A new study from London’s Western University suggests drinking two-and-a-half glasses of orange juice a day could help prevent heart disease and diabetes.

Researchers have found a molecule, called nobiletin, in sweet oranges and tangerines that significantly reduces obesity and can reverse its negative side-effects.

“Obesity and its resulting metabolic syndromes are a huge burden to our health care system, and we have very few interventions that have been shown to work effectively,” said Murray Huff, PhD professor at Western’s Schulich School of Medicine & Dentistry in a statement.

During the study, obese mice that were fed nobiletin became noticeably leaner. They also showed lower levels of insulin resistance and blood fats compared to mice on a high-fat diet.

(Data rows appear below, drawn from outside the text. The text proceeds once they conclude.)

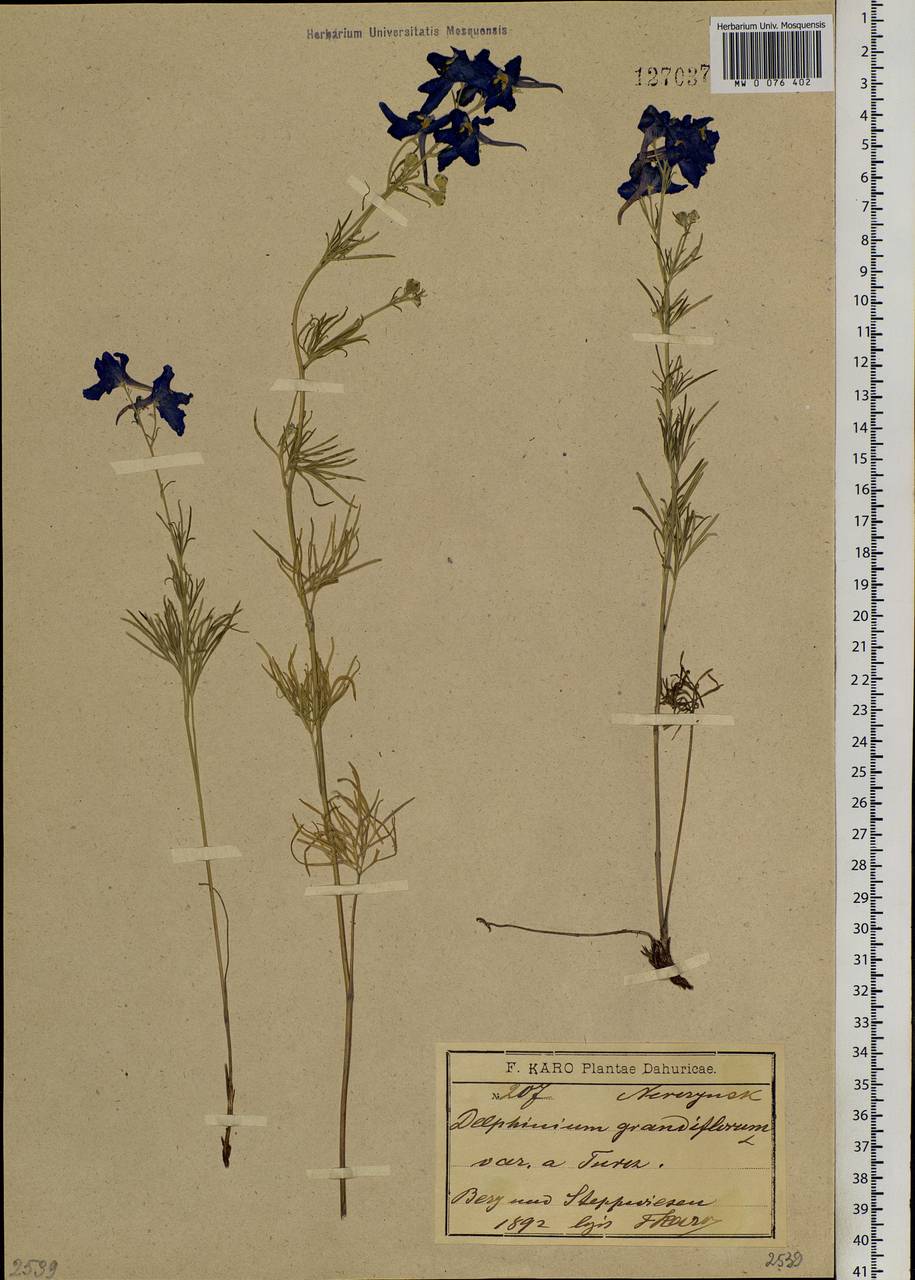 Delphinium grandiflorum L., Siberia, Baikal & Transbaikal region (S4) (Russia)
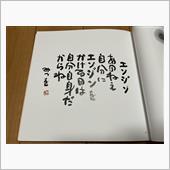 超強化行動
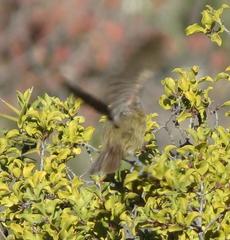 Anthoscopus minutus gigi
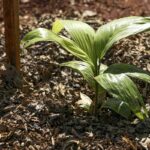 sesi-lab-inaugura-espaco-que-abriga-sistema-agroecologico-educativo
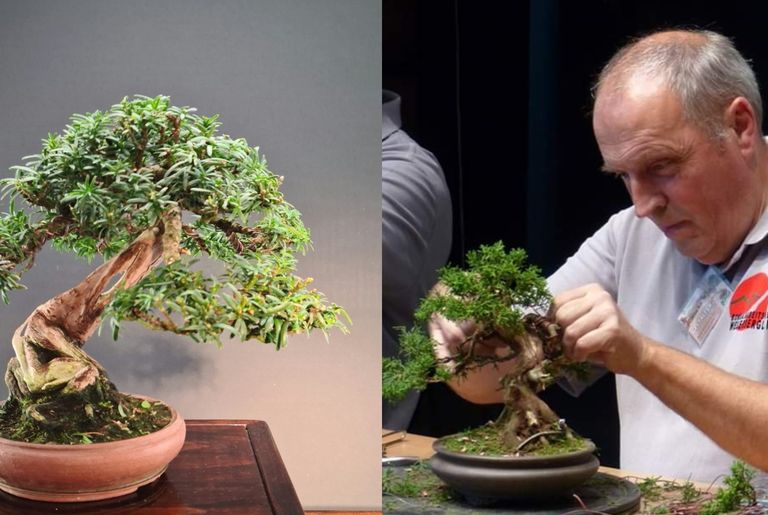 Shohin Workshop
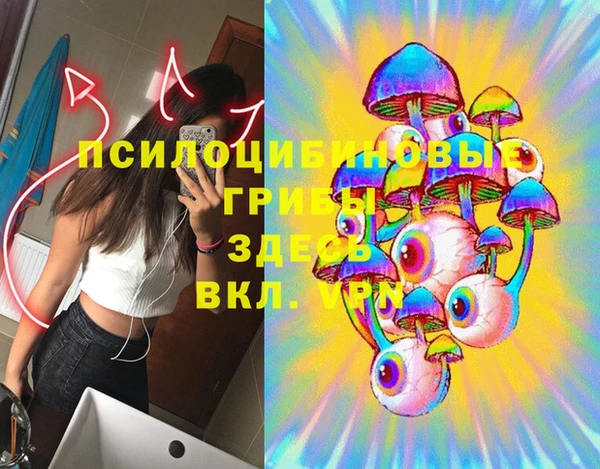 мяу мяу кристалл Костерёво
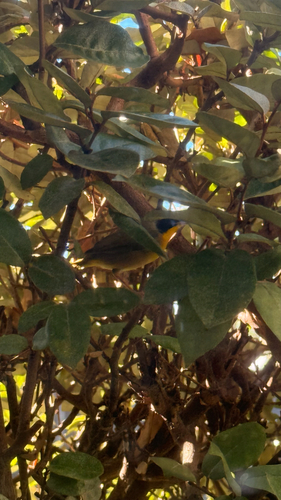 Common Yellowthroat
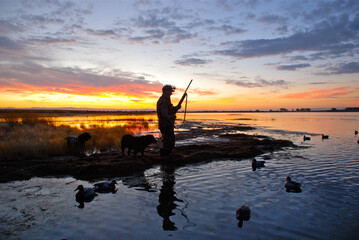 A waterfowl hunter silhouetted at sunrise  - obrazy, fototapety, plakaty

“We‘ve shown that in mice that already have all the negative symptoms of obesity, we can use nobiletin to reverse those symptoms, and even start to regress plaque build-up in the arteries,” added Huff.

Nobiletin is an antioxidant found in the peel and fruit of sweet oranges and tangerines. So far, it remains a mystery why it is effective.

Huff said the findings are clinically important as they show nobiletin won’t interfere with the body’s natural ability to burn and block the manufacture of fats.

The research team hopes to start human trials to determine if nobiletin has the same positive metabolic effects.